Which lines below fall between the one containing "August 18, 2017" and the one containing "A modern residential"? Repeat them exactly, counting both of those lines, and add nothing else.

> Record extracts:
━━━━━━━━

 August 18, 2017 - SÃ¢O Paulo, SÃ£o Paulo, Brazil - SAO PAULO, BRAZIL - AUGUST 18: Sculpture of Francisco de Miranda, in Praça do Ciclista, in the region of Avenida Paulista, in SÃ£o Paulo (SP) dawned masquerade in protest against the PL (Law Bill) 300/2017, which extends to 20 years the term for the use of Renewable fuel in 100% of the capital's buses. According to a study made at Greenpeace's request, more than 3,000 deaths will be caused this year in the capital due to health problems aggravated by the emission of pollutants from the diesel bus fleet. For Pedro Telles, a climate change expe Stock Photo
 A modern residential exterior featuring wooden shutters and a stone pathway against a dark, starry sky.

━━━━━━━━

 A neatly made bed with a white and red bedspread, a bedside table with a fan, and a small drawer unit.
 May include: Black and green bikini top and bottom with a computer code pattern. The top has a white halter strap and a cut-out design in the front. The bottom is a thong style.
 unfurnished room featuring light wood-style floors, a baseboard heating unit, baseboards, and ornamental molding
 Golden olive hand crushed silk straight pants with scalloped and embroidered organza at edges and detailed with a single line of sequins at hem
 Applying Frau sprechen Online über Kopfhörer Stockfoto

━━━━━━━━

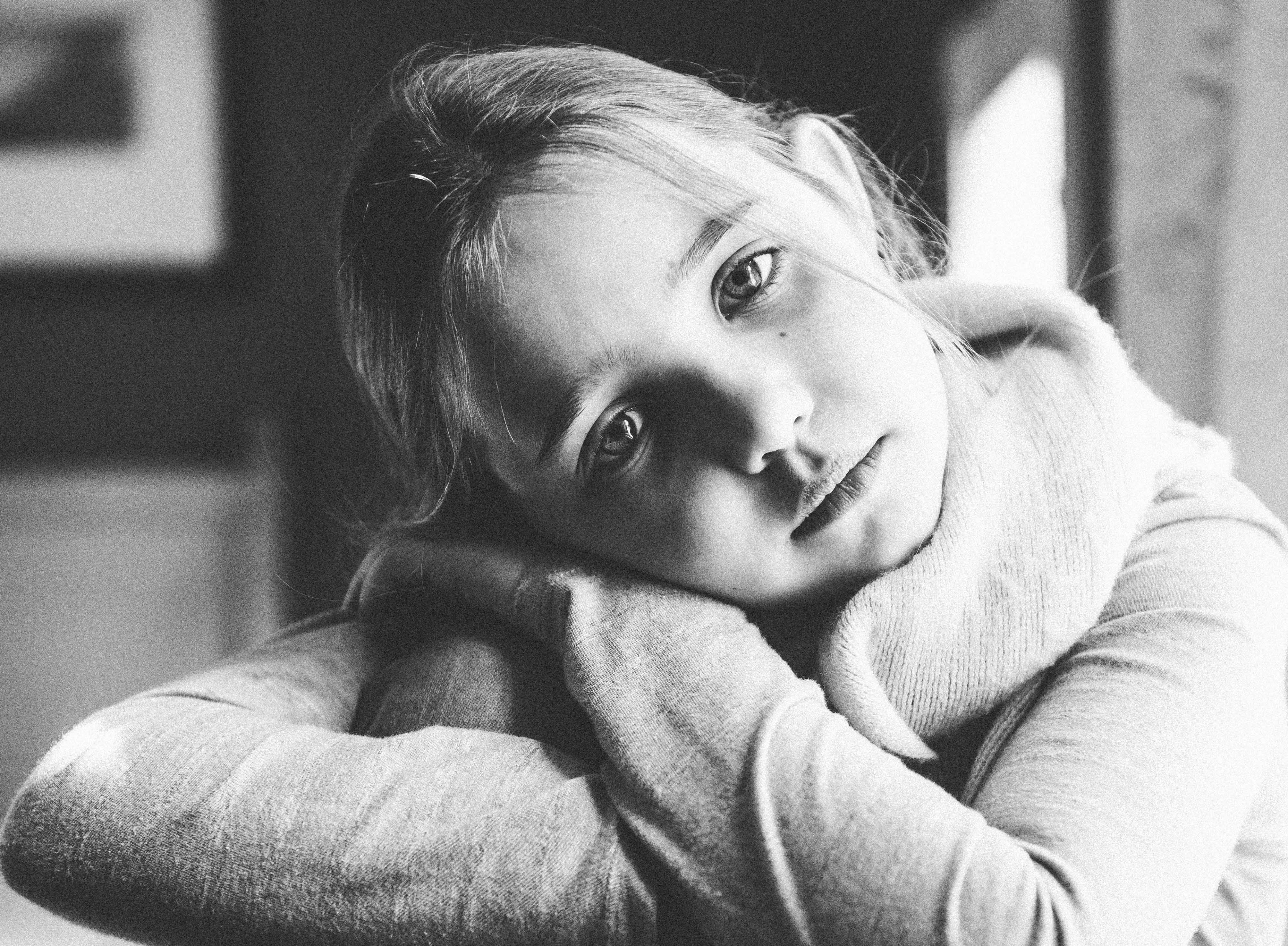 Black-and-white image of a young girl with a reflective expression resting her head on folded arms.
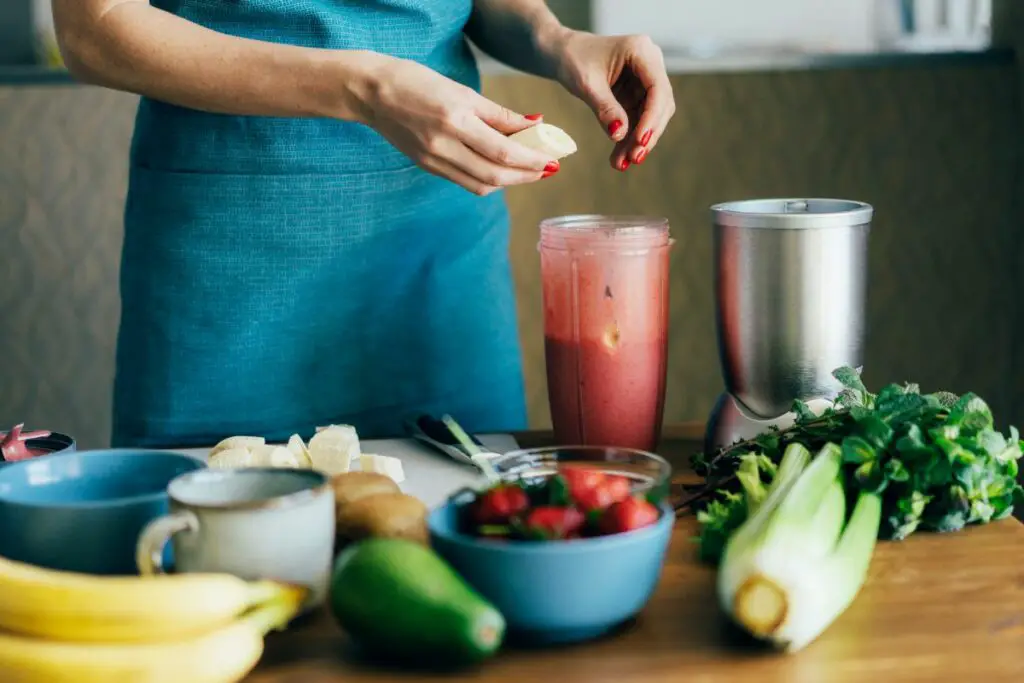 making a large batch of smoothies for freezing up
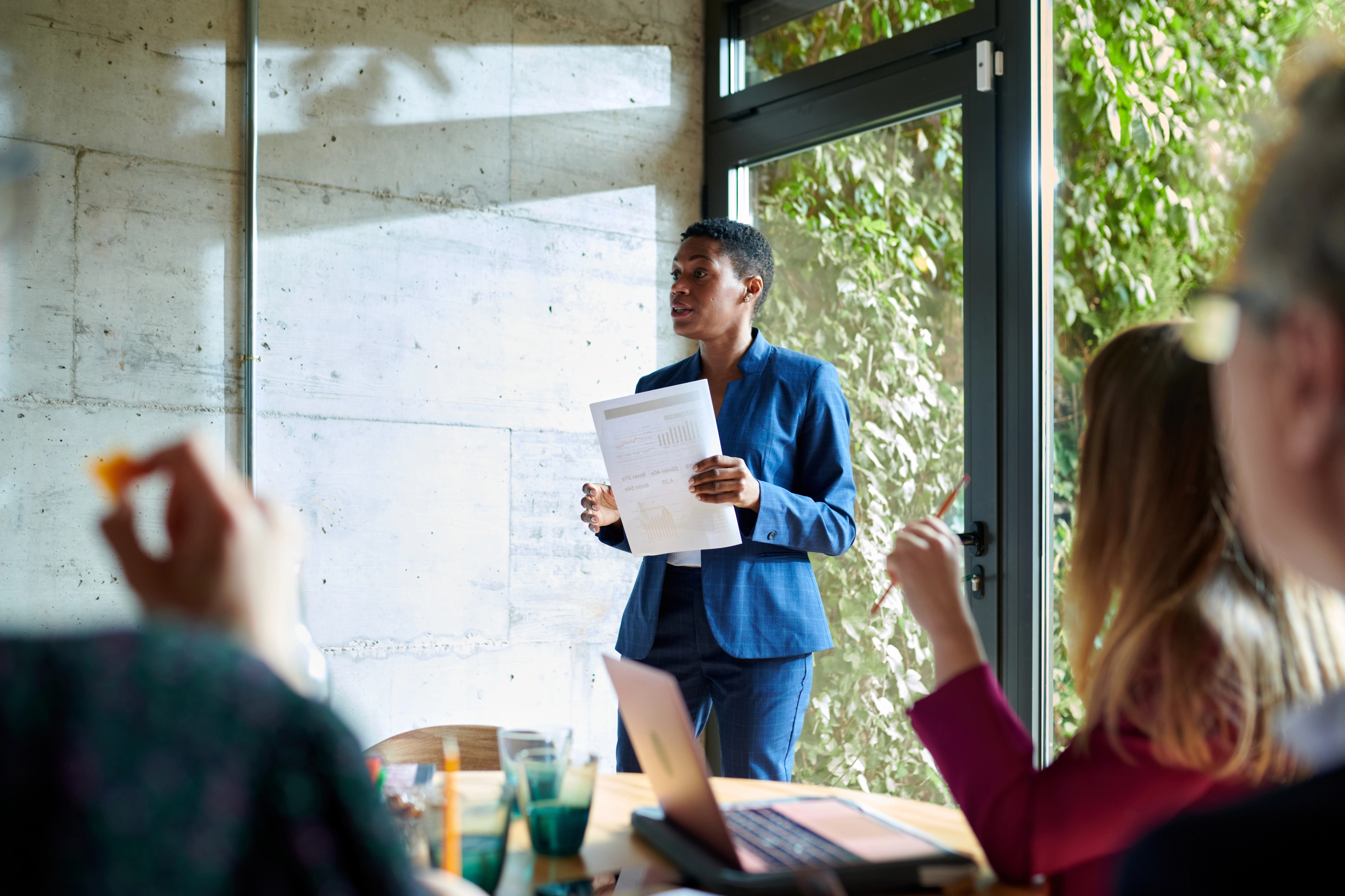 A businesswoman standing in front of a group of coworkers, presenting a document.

━━━━━━━━

> Written response:
 August 18, 2017 - SÃ¢O Paulo, SÃ£o Paulo, Brazil - SAO PAULO, BRAZIL - AUGUST 18: Sculpture of Francisco de Miranda, in Praça do Ciclista, in the region of Avenida Paulista, in SÃ£o Paulo (SP) dawned masquerade in protest against the PL (Law Bill) 300/2017, which extends to 20 years the term for the use of Renewable fuel in 100% of the capital's buses. According to a study made at Greenpeace's request, more than 3,000 deaths will be caused this year in the capital due to health problems aggravated by the emission of pollutants from the diesel bus fleet. For Pedro Telles, a climate change expe Stock Photo
 A modern residential exterior featuring wooden shutters and a stone pathway against a dark, starry sky.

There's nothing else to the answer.